=== Data to use ===
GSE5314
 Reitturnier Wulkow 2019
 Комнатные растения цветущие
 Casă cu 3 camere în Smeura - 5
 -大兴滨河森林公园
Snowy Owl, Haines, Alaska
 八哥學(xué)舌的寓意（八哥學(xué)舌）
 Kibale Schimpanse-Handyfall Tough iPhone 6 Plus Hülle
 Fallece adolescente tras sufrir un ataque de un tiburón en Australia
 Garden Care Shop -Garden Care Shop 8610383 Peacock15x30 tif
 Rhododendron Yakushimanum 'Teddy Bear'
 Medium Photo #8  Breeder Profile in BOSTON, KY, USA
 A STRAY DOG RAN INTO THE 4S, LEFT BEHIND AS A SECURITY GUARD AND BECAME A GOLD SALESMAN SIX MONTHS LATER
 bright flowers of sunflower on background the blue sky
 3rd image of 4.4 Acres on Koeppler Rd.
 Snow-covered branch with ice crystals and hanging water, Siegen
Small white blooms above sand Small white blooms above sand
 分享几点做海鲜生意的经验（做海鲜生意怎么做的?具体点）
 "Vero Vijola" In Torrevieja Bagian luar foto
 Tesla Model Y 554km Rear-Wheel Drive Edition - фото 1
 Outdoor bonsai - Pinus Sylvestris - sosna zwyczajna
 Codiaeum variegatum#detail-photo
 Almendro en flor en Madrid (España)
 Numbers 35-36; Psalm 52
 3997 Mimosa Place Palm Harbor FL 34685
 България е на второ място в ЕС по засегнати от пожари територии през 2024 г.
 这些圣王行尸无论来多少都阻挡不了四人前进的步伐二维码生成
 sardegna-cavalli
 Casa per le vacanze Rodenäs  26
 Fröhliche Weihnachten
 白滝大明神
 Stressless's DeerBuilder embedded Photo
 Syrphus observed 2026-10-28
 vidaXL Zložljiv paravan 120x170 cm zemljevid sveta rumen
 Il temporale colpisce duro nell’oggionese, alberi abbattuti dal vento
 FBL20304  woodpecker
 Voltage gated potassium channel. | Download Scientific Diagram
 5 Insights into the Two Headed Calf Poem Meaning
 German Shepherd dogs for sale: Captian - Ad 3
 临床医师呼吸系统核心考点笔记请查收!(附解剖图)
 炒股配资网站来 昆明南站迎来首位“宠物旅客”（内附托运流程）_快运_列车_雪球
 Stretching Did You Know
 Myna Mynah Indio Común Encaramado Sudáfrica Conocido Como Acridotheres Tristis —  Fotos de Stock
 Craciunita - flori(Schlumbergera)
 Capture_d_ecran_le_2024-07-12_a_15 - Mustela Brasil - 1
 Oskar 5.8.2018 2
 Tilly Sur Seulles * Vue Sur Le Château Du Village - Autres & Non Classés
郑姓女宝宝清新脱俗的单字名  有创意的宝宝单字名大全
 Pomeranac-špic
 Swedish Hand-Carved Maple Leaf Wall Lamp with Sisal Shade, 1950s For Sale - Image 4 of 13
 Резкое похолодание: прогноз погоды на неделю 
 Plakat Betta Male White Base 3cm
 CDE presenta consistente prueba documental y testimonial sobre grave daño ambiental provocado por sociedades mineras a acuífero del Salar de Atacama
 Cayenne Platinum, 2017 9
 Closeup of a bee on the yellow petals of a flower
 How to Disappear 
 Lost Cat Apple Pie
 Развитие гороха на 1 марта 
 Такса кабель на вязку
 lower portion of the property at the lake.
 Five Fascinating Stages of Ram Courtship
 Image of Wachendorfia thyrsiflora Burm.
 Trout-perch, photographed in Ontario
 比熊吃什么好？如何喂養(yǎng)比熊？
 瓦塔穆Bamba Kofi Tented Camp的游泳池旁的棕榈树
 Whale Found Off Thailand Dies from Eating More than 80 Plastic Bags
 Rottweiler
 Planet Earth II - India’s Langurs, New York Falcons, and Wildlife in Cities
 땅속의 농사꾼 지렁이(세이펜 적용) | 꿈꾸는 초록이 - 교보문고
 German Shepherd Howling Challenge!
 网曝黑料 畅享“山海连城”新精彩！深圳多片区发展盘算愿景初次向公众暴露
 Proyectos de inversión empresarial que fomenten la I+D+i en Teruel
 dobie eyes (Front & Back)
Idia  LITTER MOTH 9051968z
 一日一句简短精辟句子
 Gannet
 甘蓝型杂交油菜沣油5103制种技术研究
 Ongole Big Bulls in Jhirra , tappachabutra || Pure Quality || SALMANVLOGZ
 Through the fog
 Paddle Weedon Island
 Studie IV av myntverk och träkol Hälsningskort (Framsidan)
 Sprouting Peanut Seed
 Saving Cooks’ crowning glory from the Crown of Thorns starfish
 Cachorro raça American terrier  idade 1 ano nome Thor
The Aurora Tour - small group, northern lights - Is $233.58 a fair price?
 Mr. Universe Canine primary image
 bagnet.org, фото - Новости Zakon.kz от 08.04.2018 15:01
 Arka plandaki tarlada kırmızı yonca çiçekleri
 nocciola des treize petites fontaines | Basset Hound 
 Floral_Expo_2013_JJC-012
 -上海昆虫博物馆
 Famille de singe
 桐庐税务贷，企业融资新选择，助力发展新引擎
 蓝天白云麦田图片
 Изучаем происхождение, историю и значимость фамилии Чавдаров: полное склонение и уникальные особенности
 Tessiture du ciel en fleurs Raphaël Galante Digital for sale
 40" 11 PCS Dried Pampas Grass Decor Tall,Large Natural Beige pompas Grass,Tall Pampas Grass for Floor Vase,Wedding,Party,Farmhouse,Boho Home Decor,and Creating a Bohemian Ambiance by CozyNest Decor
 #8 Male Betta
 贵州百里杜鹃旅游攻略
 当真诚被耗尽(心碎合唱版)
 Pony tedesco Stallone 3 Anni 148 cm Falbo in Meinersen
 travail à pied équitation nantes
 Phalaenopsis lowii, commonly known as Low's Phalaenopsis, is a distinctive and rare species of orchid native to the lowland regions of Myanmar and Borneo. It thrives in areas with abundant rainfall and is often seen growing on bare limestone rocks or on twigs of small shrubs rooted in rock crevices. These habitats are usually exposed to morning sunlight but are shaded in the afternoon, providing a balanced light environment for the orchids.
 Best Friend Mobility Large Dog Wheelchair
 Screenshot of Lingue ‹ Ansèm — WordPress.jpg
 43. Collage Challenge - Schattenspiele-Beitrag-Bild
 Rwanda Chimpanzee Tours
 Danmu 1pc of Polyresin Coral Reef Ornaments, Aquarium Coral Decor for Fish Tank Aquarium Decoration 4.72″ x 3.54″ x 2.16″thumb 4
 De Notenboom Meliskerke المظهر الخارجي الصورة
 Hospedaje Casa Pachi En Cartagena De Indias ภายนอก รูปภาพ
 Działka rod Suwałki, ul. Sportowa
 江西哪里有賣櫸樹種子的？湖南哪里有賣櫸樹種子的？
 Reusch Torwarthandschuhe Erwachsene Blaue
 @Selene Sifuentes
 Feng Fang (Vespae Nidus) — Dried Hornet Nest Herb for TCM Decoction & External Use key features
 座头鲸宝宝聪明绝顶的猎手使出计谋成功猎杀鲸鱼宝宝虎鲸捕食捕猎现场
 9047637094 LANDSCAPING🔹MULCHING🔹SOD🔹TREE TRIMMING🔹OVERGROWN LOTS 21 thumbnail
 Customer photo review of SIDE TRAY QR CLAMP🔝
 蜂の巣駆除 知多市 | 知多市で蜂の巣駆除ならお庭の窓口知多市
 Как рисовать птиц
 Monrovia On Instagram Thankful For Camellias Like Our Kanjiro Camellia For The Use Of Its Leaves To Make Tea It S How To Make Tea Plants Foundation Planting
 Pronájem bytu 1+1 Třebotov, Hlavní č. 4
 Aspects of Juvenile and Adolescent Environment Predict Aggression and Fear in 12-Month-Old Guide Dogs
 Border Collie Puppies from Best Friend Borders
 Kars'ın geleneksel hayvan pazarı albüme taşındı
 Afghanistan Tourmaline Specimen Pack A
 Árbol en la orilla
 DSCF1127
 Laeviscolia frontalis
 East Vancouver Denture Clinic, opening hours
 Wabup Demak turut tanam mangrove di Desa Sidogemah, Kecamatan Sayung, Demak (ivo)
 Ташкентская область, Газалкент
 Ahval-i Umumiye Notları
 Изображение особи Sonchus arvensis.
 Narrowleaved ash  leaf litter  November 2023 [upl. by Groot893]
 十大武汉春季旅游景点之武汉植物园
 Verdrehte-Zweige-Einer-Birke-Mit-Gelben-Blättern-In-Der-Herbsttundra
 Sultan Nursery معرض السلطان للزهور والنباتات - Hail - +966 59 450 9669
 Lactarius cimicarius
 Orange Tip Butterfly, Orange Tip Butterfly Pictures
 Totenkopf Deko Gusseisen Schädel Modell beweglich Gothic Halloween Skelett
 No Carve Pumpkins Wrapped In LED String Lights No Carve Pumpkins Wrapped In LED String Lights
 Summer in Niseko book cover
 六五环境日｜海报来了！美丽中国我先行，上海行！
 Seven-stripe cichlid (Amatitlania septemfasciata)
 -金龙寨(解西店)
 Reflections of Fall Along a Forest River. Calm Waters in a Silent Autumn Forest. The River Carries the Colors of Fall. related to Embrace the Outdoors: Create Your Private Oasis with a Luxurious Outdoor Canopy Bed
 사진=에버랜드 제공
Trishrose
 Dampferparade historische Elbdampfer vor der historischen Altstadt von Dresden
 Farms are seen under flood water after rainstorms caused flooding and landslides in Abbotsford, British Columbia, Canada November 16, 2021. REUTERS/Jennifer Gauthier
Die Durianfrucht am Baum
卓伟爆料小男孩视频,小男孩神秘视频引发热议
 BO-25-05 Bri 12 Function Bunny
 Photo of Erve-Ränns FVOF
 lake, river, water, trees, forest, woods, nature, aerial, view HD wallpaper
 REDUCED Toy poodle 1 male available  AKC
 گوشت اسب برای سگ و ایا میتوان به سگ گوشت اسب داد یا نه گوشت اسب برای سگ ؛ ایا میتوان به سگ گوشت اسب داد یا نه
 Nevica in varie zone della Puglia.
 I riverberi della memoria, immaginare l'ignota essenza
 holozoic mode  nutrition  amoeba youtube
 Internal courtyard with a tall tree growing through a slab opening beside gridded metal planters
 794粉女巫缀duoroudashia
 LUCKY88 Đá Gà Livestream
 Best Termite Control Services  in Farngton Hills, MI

=== Task prompt ===
Reproduce word for word the lines of the records above, beginning at the first and ending with the line where "Fallece adolescente tras" appears, and nothing past it.

=== Response below ===
GSE5314
 Reitturnier Wulkow 2019
 Комнатные растения цветущие
 Casă cu 3 camere în Smeura - 5
 -大兴滨河森林公园
Snowy Owl, Haines, Alaska
 八哥學(xué)舌的寓意（八哥學(xué)舌）
 Kibale Schimpanse-Handyfall Tough iPhone 6 Plus Hülle
 Fallece adolescente tras sufrir un ataque de un tiburón en Australia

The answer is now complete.